© Mark Norberg
by Amanda Degener, January 2014
Art made in handmade paper inspired by the artist’s daily practice of Tai Chi as meditation and her study of Traditional Chinese Medicine (TCM). Degener, co-owner of Cave Paper Inc. has been making handmade paper for over thirty years and likes that it is a basic technology with deep cultural roots. The ancient matrix of handmade paper fits well with the spiritual, wholelistic, historic, and natural ideas that inspire this art. The artist’s intention is to create a visual example of the inter-relationship between environment in both the material and spiritual world. During this dialogue she cooks, beats, colors, moulds, presses, and dries what started as a plant. Depending how the fiber is prepared it is capable of looking like fragile translucent skin, expensive leather, or even metal.
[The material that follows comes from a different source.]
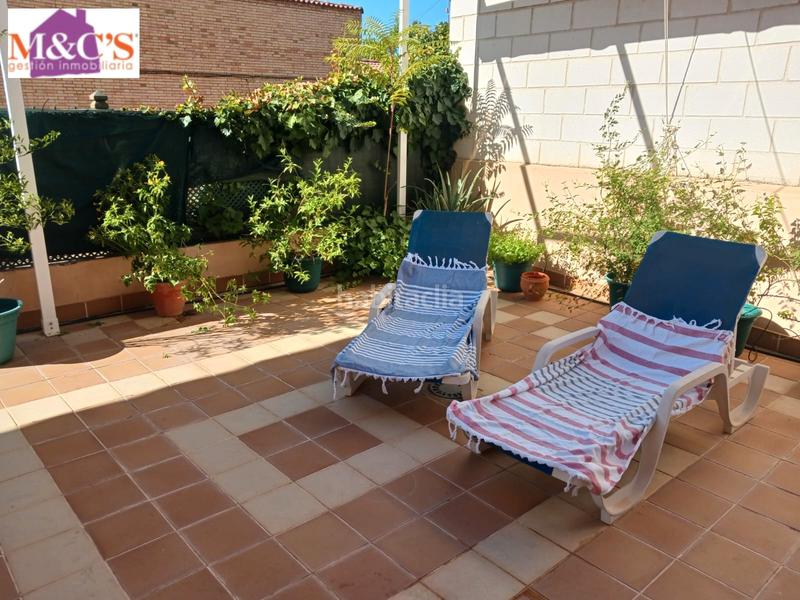 Foto b2742185-60c1-439f-b933-ad48154962b1. Casa amb calefacció aparcament a El Poblado - Abulagar Puertollano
Degener’s work draws attention to nature and it evokes emotions towards the environment that we also feel for humans: love, empathy, compassion, and care. Through the hand papermaking process she is in collaboration with nature; the plants and natural dyes are a mixture of fiber, sun, soil, and rain. While she processes the materials there is an exchange of Qi with the materials; her spirit and heart get infused into the work. Making art seems more about noticing than conceiving.
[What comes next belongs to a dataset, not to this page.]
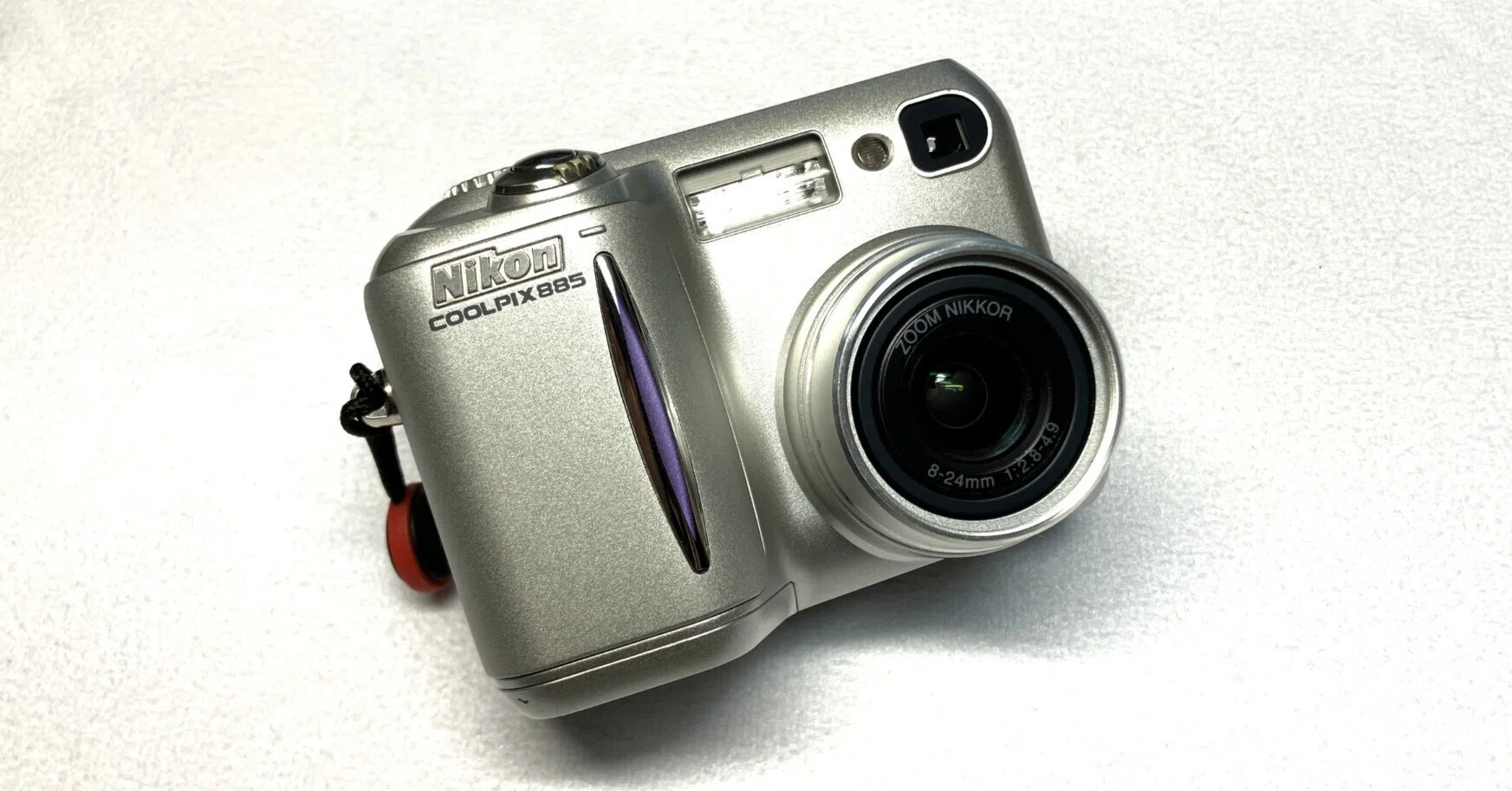 【C3743】Nikon ニコン COOLPIX 885 デジタルカメラ Nikon COOLPIX 885 〜 第2話 時代を超えた魅力に迫る｜MrMonkeypod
The labor-intensive process of making paper by hand helps Degener, and others who view her work, to remember that time is not as the 21st century seems to demand. The chaotic world may be speeding by, ever faster and ever changing, but our needs have not changed. Reflection, nearness, care and love are found in slowness. Slowness is where we are renewed, where we sense ourselves in the world and find the boundaries of our own existence. This “doing” seems to include undoing. When engaged with making, the incessant banter of the brain is gone or no longer dominates. The busy hand quiets the brain; it brings the mind to a calmer state. This slowness has been one threshold to freedom and timelessness. Slowness is where we are renewed, where we sense ourselves in the world, where we can explore the boundaries of our existence. There is a restfulness of working till things are fully resolved. Sometimes there is an intensity of that moment of making, of being alive. The mind can fall into an internal void where the sensibilities are sharpened to respond to every detail of the outer world with heightened perception, awareness, and insight. Fleeting glimpses of things observed with intense clarity punctuate the linear passage of time. Something as simple as water dripping from the paper mould, can help one to listen and accept the flow of life. Effortless things, like watching water, can teach us to simply let go of trying to accomplish, be in the moment, and feel the way forward.
Amanda Degener graduated from Bennington College and then received an MFA from Yale School of Art. In 1984 she moved her paper studio to the not-yet-opened Minnesota Center for Book Arts where she was a Founder, their first Artist in Residence and later, their first Artistic Director. She was the co-recipient of the Friends of the Saint Paul Public Library 2012 Minnesota Book Artist Award sponsored by Lerner Publishing Group. Degener’s community service work includes volunteering for non-for-profits such as Wilderness Inquiry, co-organizing national paper conferences (four of them) and teaching Tai Chi. Degener educates through writing, publishing and traveling to teach and exhibit her work in the United States and in places such as Japan, Italy, Sweden, Canada, Australia, Korea, and Taiwan/China. Her work is in countless private collections and she has collaborated with many talented and famous artists from coast to coast. Cave Paper’s are used in books that can be accessed from public collections like: The Library of Congress, St. John’s University, and the Walker Art Center to name a few.